Decades later, I played a couple of years for a local roller derby league. During this time, I was able to utilize a lot of pent-up anger and rage. This was another distraction for a significant amount of time. Channeling this anger with roller derby, where strategy and aggression go hand-in-hand, was a useful outlet. I could remain calm under stressful gameplay; I was embraced as a rock that could perform under stress. Really, it was ego driven by my intense competition to win.

Girl checking another player in roller derby bout

One of my first bouts. I’m pretty sure it’s an “elbow” call, but the fierceness is definitely there.
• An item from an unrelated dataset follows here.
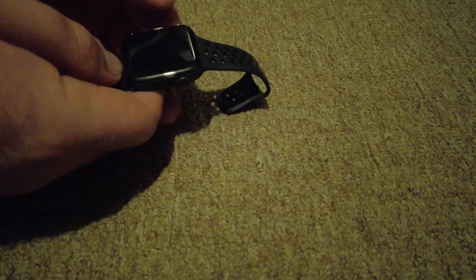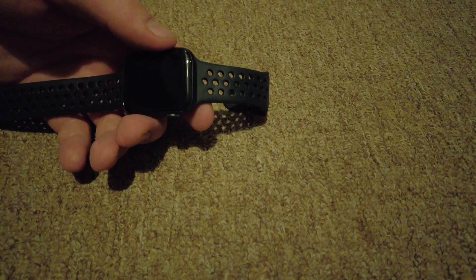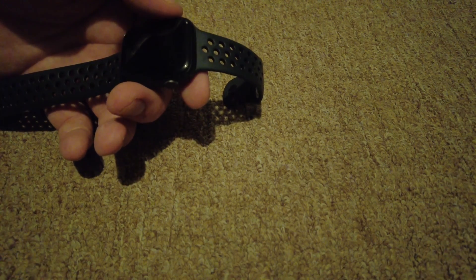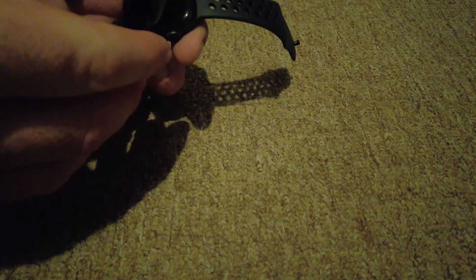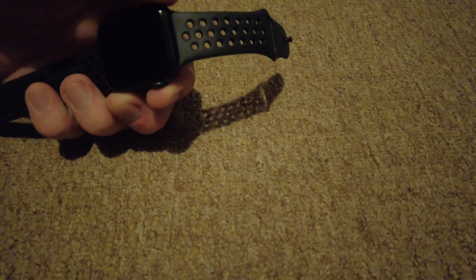Peter here, welcome to my channel. I've updated this Apple Watch Series 6 to WatchOS 7.3 and it's just got a black screen of death. I tried everything I can do to reset it but it won't work.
I loved playing the role of the magical unicorn who could perform and with luck (ironically, my derby name is Good Luck Harm “Lucky”) to get the points and focus on victory. All I had to do was channel all of my anger, use my skate skills and [with the help of my blockers] harness the fight in me to get the job done. Stress much? That is a lot of pressure to endure game after game. I was your ride or die skater that would pour my heart out on the track. My biggest cheerleader is my derby wife (Honey Guns aka Saucy Super Fox,) she admired my ability to be so fierce and still encourage others to unleash their inner badass. She is a true inspiration and MVP for being both vulnerable and strong, she makes it look so easy!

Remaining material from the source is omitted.